The learned judge was evidently misled by a dictum in Mehaffy v. Share, 2 P. & W., 861, and felt constrained to adopt the view he did by reason of the absence of authority the other way. In McCormick v. Irwin, 11 Casey, 111, it was said by Justice Strong : “The doctrine (subrogation) docs not depend upon privity, nor is it confined to cases of strict suretyship;” and in Cottrell’s Appeal, 11 Harris, 294, by Justice Woodward: “Subrogation is founded on principles of equity and benevolence, and may be decreed when no contract or privity of any kind exists between the parties. Wherever one not a mere volunteer discharges the debt of another, ho is entitled to all the remedies which the creditor possesses against the debtor.” And in Mosier’s Appeal, 6 P. F. S., 76, where a junior judgment creditor, believing the land would be sacrificed, after the execution plaintiffs had refused to assign their judgment to him on payment, paid the executions to the sheriff, and satisfaction was entered; no other liens having intervened, he was subrogated to the rights of the execution plaintiffs, and the satisfaction cancelled.

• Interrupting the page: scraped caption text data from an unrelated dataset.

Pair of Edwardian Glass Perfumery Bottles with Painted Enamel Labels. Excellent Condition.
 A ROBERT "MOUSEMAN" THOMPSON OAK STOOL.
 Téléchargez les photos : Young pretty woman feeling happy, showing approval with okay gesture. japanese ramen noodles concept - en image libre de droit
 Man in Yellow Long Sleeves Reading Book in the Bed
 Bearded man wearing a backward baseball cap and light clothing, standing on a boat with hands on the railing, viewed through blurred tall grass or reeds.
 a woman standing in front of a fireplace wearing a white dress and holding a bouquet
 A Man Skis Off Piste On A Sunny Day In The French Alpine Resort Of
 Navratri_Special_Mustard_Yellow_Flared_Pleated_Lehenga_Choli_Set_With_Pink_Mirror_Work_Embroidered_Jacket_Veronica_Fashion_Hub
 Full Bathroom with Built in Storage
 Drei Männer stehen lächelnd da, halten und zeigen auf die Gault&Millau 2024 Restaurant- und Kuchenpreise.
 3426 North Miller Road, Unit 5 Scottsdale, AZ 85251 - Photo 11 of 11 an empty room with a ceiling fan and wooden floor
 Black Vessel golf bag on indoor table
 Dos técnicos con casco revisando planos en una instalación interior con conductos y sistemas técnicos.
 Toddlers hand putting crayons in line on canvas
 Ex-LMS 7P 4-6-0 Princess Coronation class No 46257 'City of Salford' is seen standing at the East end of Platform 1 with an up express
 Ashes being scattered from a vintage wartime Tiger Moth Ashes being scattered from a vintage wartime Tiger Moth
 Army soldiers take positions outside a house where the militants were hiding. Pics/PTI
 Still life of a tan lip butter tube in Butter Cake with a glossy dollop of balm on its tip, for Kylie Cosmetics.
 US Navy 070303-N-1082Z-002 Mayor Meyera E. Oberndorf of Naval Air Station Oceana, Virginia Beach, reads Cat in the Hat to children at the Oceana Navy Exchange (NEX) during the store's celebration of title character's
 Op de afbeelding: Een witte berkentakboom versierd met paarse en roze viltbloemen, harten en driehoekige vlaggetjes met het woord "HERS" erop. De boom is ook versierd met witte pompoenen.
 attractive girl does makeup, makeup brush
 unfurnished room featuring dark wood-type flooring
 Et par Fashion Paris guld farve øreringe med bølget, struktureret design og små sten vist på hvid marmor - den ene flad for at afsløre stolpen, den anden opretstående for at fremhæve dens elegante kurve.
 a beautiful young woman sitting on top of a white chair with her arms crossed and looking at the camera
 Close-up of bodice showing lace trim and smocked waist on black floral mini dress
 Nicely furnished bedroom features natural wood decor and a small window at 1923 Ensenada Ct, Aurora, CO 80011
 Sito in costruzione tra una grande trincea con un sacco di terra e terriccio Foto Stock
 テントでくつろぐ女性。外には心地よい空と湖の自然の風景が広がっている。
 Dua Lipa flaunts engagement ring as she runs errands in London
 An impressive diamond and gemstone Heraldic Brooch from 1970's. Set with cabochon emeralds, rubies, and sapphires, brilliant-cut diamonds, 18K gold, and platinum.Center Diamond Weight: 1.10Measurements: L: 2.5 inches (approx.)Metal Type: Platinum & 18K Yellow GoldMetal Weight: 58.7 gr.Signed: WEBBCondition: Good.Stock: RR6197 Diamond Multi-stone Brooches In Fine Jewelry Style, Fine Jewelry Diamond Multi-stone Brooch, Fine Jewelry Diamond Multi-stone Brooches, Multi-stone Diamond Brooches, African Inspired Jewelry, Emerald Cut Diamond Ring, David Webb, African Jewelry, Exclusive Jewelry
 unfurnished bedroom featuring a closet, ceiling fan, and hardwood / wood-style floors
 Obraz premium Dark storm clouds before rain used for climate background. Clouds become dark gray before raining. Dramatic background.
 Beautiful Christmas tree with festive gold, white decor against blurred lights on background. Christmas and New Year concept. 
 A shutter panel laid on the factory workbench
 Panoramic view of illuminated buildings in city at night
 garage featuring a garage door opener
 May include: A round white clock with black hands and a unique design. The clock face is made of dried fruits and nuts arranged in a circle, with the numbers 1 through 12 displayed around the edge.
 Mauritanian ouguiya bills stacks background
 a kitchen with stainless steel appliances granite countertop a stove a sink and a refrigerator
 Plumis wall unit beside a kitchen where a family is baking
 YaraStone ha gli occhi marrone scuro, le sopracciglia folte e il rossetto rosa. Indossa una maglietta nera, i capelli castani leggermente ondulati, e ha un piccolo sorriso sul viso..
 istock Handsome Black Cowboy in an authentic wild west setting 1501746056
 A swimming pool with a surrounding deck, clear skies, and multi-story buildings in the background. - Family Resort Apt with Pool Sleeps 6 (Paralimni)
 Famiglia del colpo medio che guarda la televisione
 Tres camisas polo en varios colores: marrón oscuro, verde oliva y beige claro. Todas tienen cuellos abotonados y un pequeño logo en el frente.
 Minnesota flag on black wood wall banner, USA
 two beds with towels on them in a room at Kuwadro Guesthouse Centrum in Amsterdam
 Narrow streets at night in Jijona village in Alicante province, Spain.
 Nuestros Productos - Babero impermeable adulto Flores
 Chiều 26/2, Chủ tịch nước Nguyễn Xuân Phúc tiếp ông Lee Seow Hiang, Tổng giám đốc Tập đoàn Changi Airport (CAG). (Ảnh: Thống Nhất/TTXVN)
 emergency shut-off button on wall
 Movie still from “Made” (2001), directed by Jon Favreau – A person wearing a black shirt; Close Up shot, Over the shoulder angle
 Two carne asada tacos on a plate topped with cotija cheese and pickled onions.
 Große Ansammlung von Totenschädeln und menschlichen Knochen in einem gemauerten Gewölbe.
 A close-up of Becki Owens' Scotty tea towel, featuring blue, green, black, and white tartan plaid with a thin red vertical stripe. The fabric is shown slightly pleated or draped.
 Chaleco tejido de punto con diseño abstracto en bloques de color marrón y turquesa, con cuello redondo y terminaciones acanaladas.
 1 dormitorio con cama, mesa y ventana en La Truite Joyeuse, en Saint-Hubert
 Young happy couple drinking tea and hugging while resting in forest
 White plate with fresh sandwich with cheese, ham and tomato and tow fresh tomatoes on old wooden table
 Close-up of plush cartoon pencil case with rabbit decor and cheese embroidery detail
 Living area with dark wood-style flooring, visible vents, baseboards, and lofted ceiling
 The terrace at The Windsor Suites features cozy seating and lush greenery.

*6While the ruling of these cases is perhaps broad enough to control the present one, we are not obliged to say so, as we have direct authority upon the point. In Gearhart v. Jordan, 1 Jones, 325, it was held that “ the rule embraces purchasers in common, of an estate bound by a joint lien; as between themselves, the purpart of each is liable to contribute only its proportion of the common burden, and beyond this, is to be regarded simply the surety of the remaining purparts. In this respect they are to be treated as the several estates of joint debtors, one being surety of the other; and if the purpart of one is called upon to pay more than its due proportion, the tenant, or his lien creditors, upon the principle settled in Fleming v. Beaver, 2 R., 128; Croft v. Moore, 9 Watts, 451, and Neff v. Miller, 8 Barr., 347, is entitled to stand in the place of the satisfied creditor, to the extent of the excess which ought to have been paid out of the other shares.” Gearhart v. Jordan was recognized in the late case of Watson’s Appeal, 9 Norris, 426, where it was said by Mercur, J.: “as between two mortgagors of land held by them as tenants in common, and third persons, each mortgagor is liable for the whole sum secured by the mortgage; but as between themselves each is liable for one half only. As to the other half each is surety for the other.”

Such is the case here. As between Ackerman and Moser, Ackerman was security for Moser’s share, and having been compelled to pay it, is entitled to the benefit of the judgment to that extent.

The decree is reversed at the costs of the appellee, and it is ordered that distribution be made as reported by the auditor.